Directions
1. Register the existing suspicious-accounts
topic for use as a KSQL table called SUSPICIOUS_NAMES
:
CREATE TABLE SUSPICIOUS_NAMES (CREATED_DATE VARCHAR, \ COMPANY_NAME VARCHAR, \ COMPANY_ID INT) \ WITH (KEY='COMPANY_NAME', \ KAFKA_TOPIC = 'suspicious-accounts', \ VALUE_FORMAT = 'JSON');
2. Register the existing txns-1
topic for use as a KSQL stream called TXNS
. The transaction information includes the identifier, the user sending the money and the name of the recipient:
CREATE STREAM TXNS (TXN_ID BIGINT, \ USERNAME VARCHAR, \ RECIPIENT VARCHAR, \ AMOUNT DOUBLE) \ WITH (KAFKA_TOPIC = 'txns-1', \ VALUE_FORMAT = 'JSON');
3. Set KSQL to process data from the beginning of each Kafka topic:
SET 'auto.offset.reset'='earliest';
4. Inspect the data:
ksql> SELECT * FROM SUSPICIOUS_NAMES LIMIT 3; 1547119341566 | verizon | 2017-09-15 09:08:38 | verizon | 1 1547119341566 | alcatel | 2017-09-16 09:08:38 | alcatel | 2 1547119341566 | best buy | 2017-09-17 09:08:38 | best buy | 3 Limit Reached Query terminated ksql> SELECT * FROM TXNS LIMIT 3; 1547119343620 | 9900 | 9900 | alan jones | verizon | 22.0 1547119350852 | 12 | 12 | bruce atkins | joe blogs | 7.0 1547119350868 | 13 | 13 | mary simpson | joe blogs | 70.0 Limit Reached Query terminated
5. Using the list of suspicious destination names for transactions, create a new stream of events containing transactions that were sent to an account name contained in the SUSPICIOUS_NAMES
list:
CREATE STREAM SUSPICIOUS_TXNS AS \ SELECT T.TXN_ID, T.USERNAME, T.RECIPIENT, T.AMOUNT \ FROM TXNS T \ INNER JOIN \ SUSPICIOUS_NAMES S \ ON T.RECIPIENT = S.COMPANY_NAME;
Observe that a new Kafka topic has been created, and is used to persist the results of this new stream:
ksql> LIST TOPICS; Kafka Topic | Registered | Partitions | Partition Replicas | Consumers | ConsumerGroups ------------------------------------------------------------------------------------------------- SUSPICIOUS_TXNS | true | 4 | 1 | 0 | 0 …
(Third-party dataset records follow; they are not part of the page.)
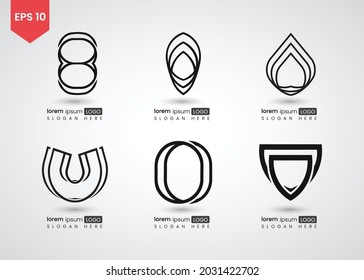 Conjunto de iconos y logotipo Ilustración vectorial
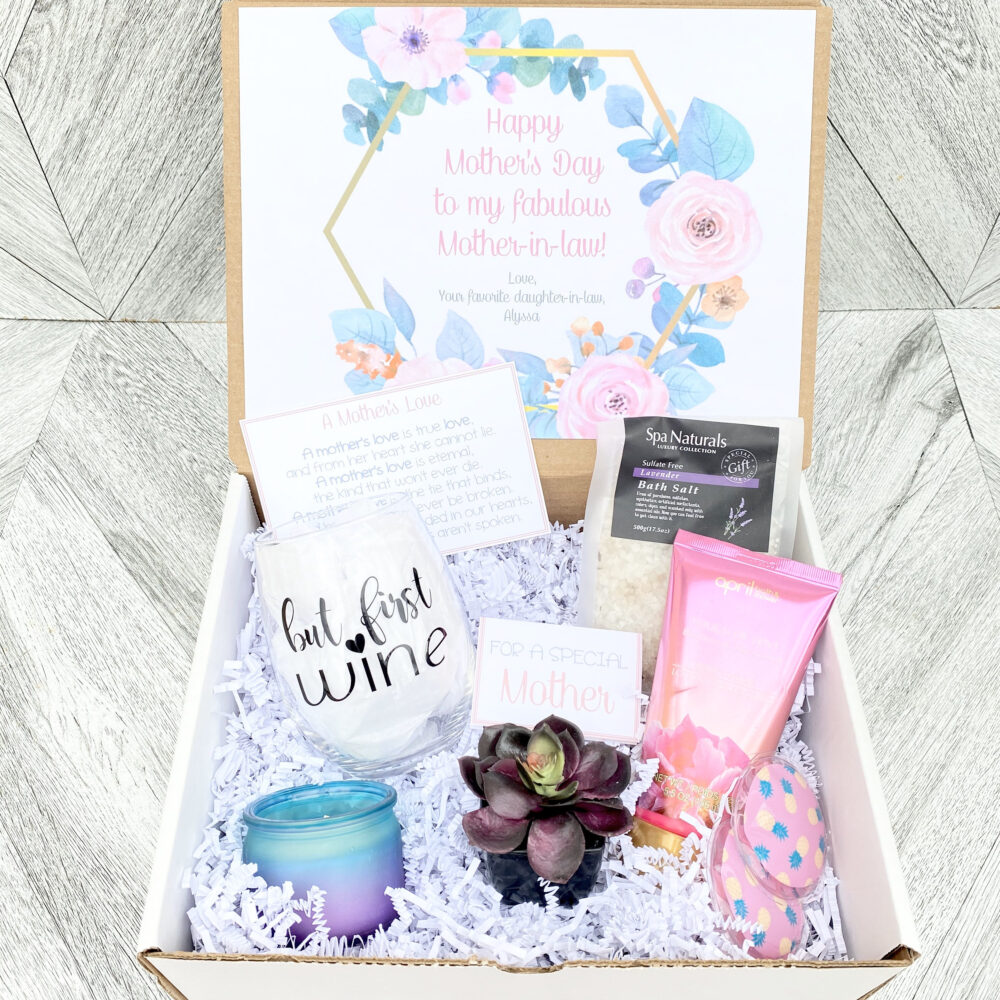 Mother-In-Law Spa Gift Box Wine Glass, Succulent & Bath Set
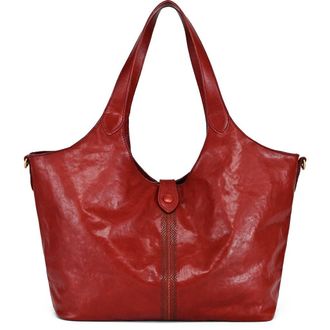 OLD TREND Marigold Genuine Leather Spacious Refined Carryall Tote in Burgundy at Nordstrom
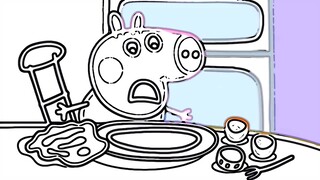 Happy Pink Pig Family-what breakfast they eat?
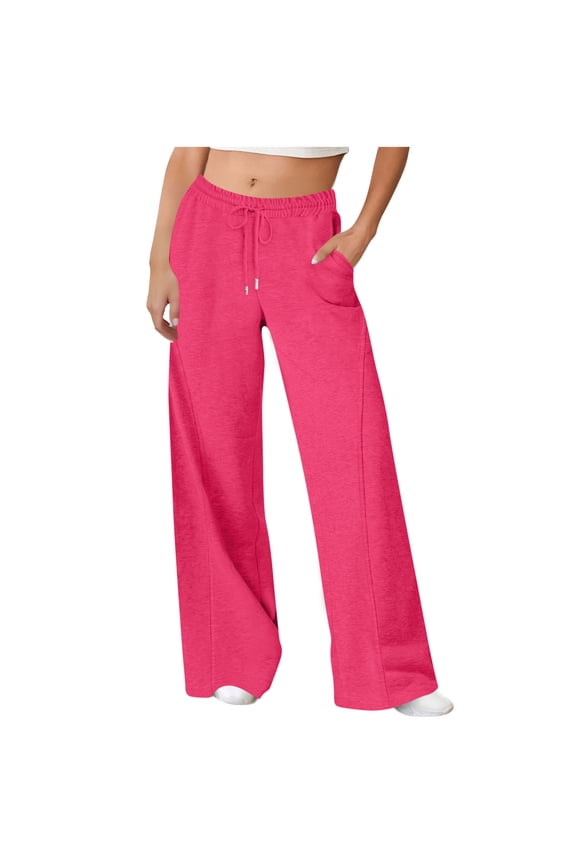 Womens Sweatpants Wide Leg Drawstring Sweat Pants Casual Baggy Track Pants with Pockets for Travel Work Athletic Lounge
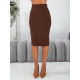 Спідниця олівець - висока посадка, арт. 892, шоколад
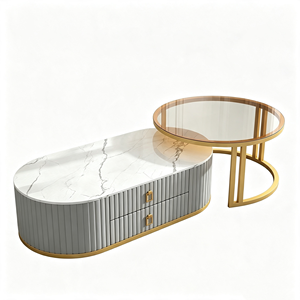 <span class=keywords><strong>Tavolino</strong></span> da Caffè in Pietra Sinterizzata Italiana di Lusso, Mobile TV Moderno Minimalista in Vetro Rotondo, Set per Soggiorno - Product Image 5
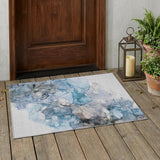 3' X 5' Blue and Gray Abstract Washable Non Skid Indoor Outdoor Area Rug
6. Inspect the new stream, and note that all the transactions are to one of the companies present in the SUSPICIOIUS_ACCOUNTS
table:
ksql> SELECT TXN_ID, USERNAME, RECIPIENT, AMOUNT FROM SUSPICIOUS_TXNS LIMIT 5; 9900 | alan jones | verizon | 22.0 9903 | alan jones | verizon | 61.0 9901 | alan jones | alcatel | 83.0 9902 | alan jones | best buy | 46.0 9904 | alan jones | alcatel | 59.0 Limit Reached Query terminated
7. Use a tumbling window create a table of accounts (USERNAME
) against which there are more than three suspicious transactions within a 24-hour window:
CREATE TABLE ACCOUNTS_TO_MONITOR AS \ SELECT TIMESTAMPTOSTRING(WindowStart(), 'yyyy-MM-dd HH:mm:ss Z') AS WINDOW_START, \ USERNAME, \ COUNT(*) AS TXN_COUNT \ FROM SUSPICIOUS_TXNS \ WINDOW TUMBLING (SIZE 24 HOURS) \ GROUP BY USERNAME \ HAVING COUNT(*) > 3;
8. Observe that a new Kafka topic is created:
ksql> LIST TOPICS; Kafka Topic | Registered | Partitions | Partition Replicas | Consumers | ConsumerGroups -------------------------------------------------------------------------------------------------- ACCOUNTS_TO_MONITOR | true | 4 | 1 | 0 | 0 …
The KSQL table (and thus Kafka topic) contains a list of accounts against which more than three suspicious transactions have taken place in a 24-hour window. The window start time is included in the Kafka message:
ksql> SELECT WINDOW_START, USERNAME, TXN_COUNT FROM ACCOUNTS_TO_MONITOR; 2019-01-10 00:00:00 +0000 | alan jones | 6
This Kafka topic can be used to drive monitoring and alerting applications that could take action such as placing a hold on the account, notifying the card holder, etc.